An enzyme immunoassay for the qualitative and semiquantitative determination of IgG-class antibodies to Bordetella pertussis and Bordetella pertussis toxin in serum.
Bordetella species are non-spore-forming encapsulated bipolar, coccoid (pale-staining) Gram-negative bacilli (about 0.3-0.5 µm thick and 1 µm long). The genus consists of the human parasites B. pertussis and B. parapertussis, and B. bronchiseptica which cause enzootic infections in various wild and domestic animal species. Bordetella pertussis produces a single-disease syndrome in man known as pertussis or whooping cough. It is a highly contagious childhood disease (approx. 80% of cases occur before the age of 5 years) which is transmitted by respiratory contact and is associated with a high mortality rate (about 1-2% in the first year of life, later on about 1%). In the absence of immunization, essentially no one escapes pertussis. Clinical pertussis is followed by natural acquired immunity which is long-lasting but not permanent. The distribution of the disease is worldwide, though clearly modified by immunization and other poorly defined social, economic, and nutritional factors. In most countries an active vaccination is recommended. Usually the immunization preparation is combined with diphtheria and tetanus toxoids.

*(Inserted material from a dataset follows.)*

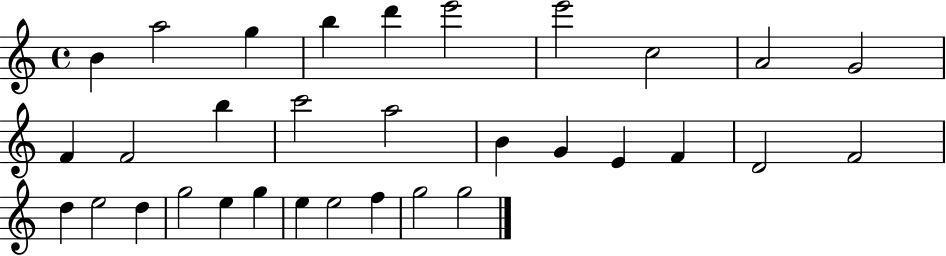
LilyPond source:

The DRG Bordetella pertussis / toxin IgG ELISA Kit is a solid phase enzyme-linked immunosorbent assay (ELISA). Microtiter wells as a solid phase are coated with Bordetella pertussis and Bordetella pertussis toxin antigen. Diluted patient specimens and ready-for-use controls are pipetted into these wells. During incubation Bordetella pertussis and Bordetella pertussis toxin-specific antibodies of positive specimens and controls are bound to the immobilized antigens. After a washing step to remove unbound sample and control material horseradish peroxidase conjugated anti-human IgG antibodies are dispensed into the wells. During a second incubation this anti_IgG conjugate binds specifically to IgG antibodies resulting in the formation of enzyme-linked immune complexes. After a second washing step to remove unbound conjugate the immune complexes formed (in case of positive results) are detected by incubation with TMB substrate and development of a blue color. The blue color turns into yellow by stopping the enzymatic indicator reaction with sulfuric acid. The intensity of this color is directly proportional to the amount of Bordetella pertussis and Bordetella pertussis toxin-specific IgG antibody in the patient specimen. Absorbance at 450 nm is read using an ELISA microtiter plate reader.